I've been practicing for a month, and i still haven't gotten any better at it.:confused:


----------



## Neo63 (Jul 12, 2010)

Just do hundreds of solves, and this might help a bit. What I did was learn all the 2-move cube shapes, then three, then four, etc...

Oh and sometimes minimal move count isn't always the best, some shapes might require one or two more moves but is 2gen, so try and experiment.


----------



## buelercuber (Jul 12, 2010)

Neo63 said:


> Just do hundreds of solves, and this might help a bit. What I did was learn all the 2-move cube shapes, then three, then four, etc...
> 
> Oh and sometimes minimal move count isn't always the best, some shapes might require one or two more moves but is 2gen, so try and experiment.

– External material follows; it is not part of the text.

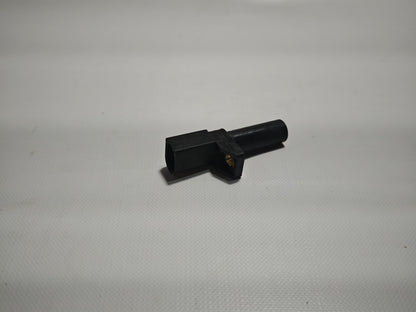 Bosch RPM / Crankshaft Sensor 0261210170 05080352AA 5080352AA A0031532728 DG7S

 wow this chart is amazing! thanks!


----------



## ~Phoenix Death~ (Jul 12, 2010)

blah said:


> Stop whoning and start practicing.



Whoning...?


----------



## blade740 (Jul 12, 2010)

First of all, come up with SOME way to do every shape on your own. Get to where you never have to "wing it. Then, any shape that takes more than 7 twists, learn a better way. After that, do what Neo63 said: go through the chart, easiest to hardest, and if your alg is longer than the optimal one, learn the optimal one.


----------



## buelercuber (Jul 12, 2010)

~Phoenix Death~ said:


> blah said:
> 
> 
> > Stop whoning and start practicing.
> ...



now i get it, its a method, the woners method.lol BUT i cant find anything about it.


----------



## MTGjumper (Jul 12, 2010)

Learn the two and three movers and then intuitively work out how to reduce every other shape to those.


----------



## Sa967St (Jul 12, 2010)

buelercuber said:


> ~Phoenix Death~ said:
> 
> 
> > blah said:
> ...



http://www.youtube.com/watch?v=pAr0b3ffI1k


----------



## blah (Jul 12, 2010)

buelercuber said:


> hello, i have just recently got into sq1 from lance the blue knight page.
> amd, i also saw a video on youtube on how to do sq1 cubeshape advanced method. I find it easy, but not when im actually timing myself. is there any way you guys can help me get better at cubeshape on sq1? or are there any sites or better videos that would help?
> 
> video i learned from:
> ...





Sa967St said:


> buelercuber said:
> 
> 
> > ~Phoenix Death~ said:
> ...


owatselafairu


----------